─── Data extract ───
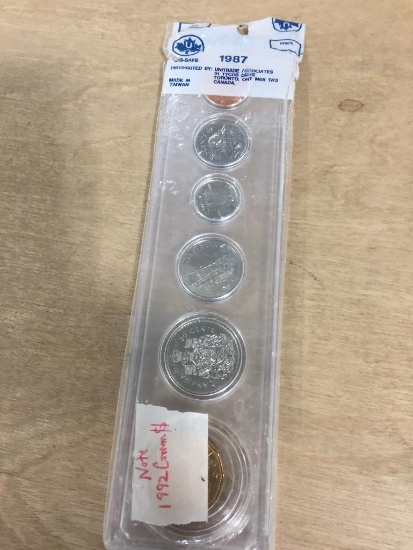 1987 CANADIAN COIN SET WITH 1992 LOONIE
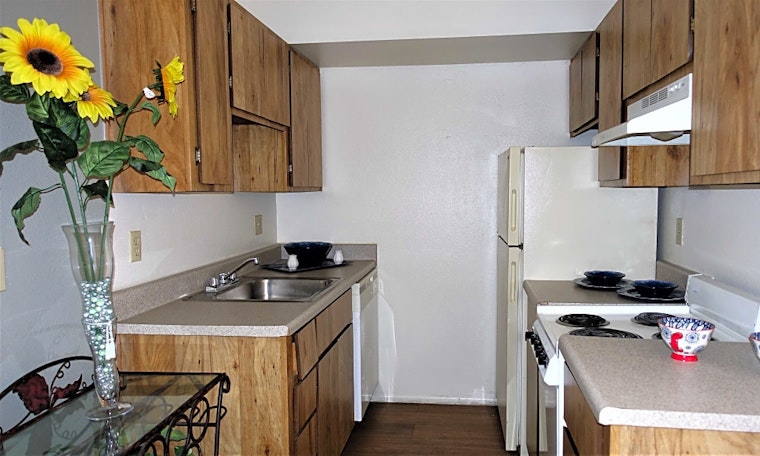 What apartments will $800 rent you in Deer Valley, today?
───
─── Data extract ───
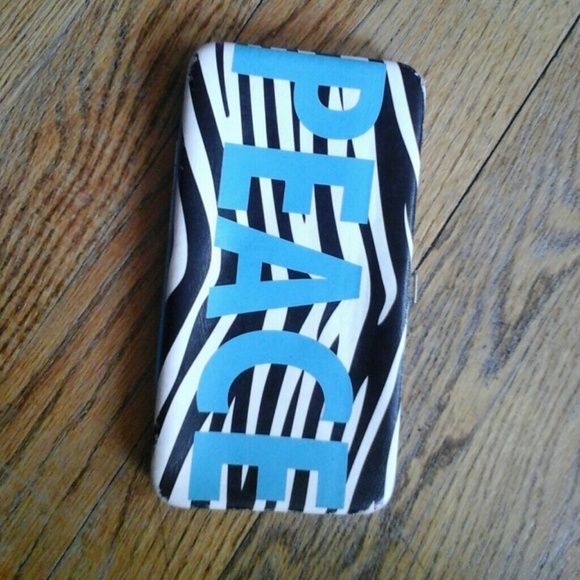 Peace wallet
───
● What you need to do
What should come back is an exact copy of the lines above from the line with "1987 CANADIAN COIN SET WITH 1992 LOONIE" to the line with "What apartments will", both included, minus the pictures.

● Solution
 1987 CANADIAN COIN SET WITH 1992 LOONIE
 What apartments will $800 rent you in Deer Valley, today?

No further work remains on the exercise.